Your answer is certainly the most direct proof, assuming you know $M\in SO(3,\mathbb R)$ if and only if $M^TM=I_3$ and $\det M=1.$
We could, instead, go back to another definition of orthogonal matrix:
A real matrix $M$ is orthogonal if $|Mv|=|v|$ for all real vectors $v.$
Then we study the the roots of the characteristic polynomial.

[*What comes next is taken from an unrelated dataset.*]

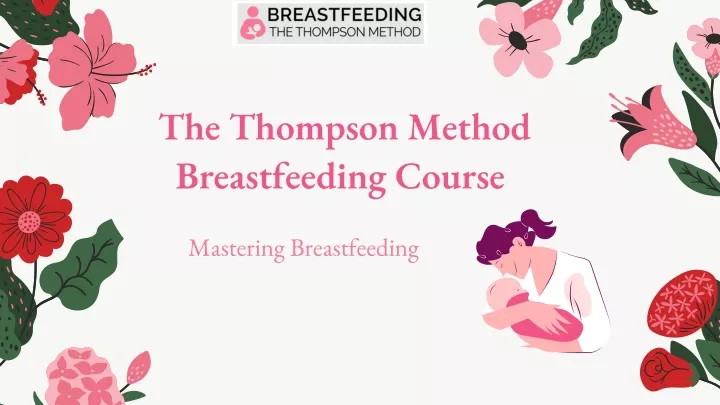 the thompson method breastfeeding course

The characteristic polynomial $p_M(x)$ of a $3\times 3$ real matrix must have either $1$ real root or $3$ real roots.
But the real roots $\lambda_i$ are real eigenvalues, and thus must be $\pm 1.$ Otherwise, if $|\lambda_i|\neq 1,$ then let $v$ be an eigenvector so $$|Mv|=|\lambda_i||v|\neq |v|,$$ so $M$ is not orthogonal.
If there are three real roots to $p_M,$ then the $\det M$ is the product of the roots, so the real roots can’t all be $-1.$
If there is only one real root, then the other two roots come in a pair: $\lambda,\overline{\lambda},$ and $\lambda\overline{\lambda}=|\lambda|^2>0,$ so the real root cannot be negative.
This shows more generally:
If $M$ is a real $n\times n$ matrix, with $n$ odd and $\det M>0,$ then $M$ must have a positive real eigenvalue.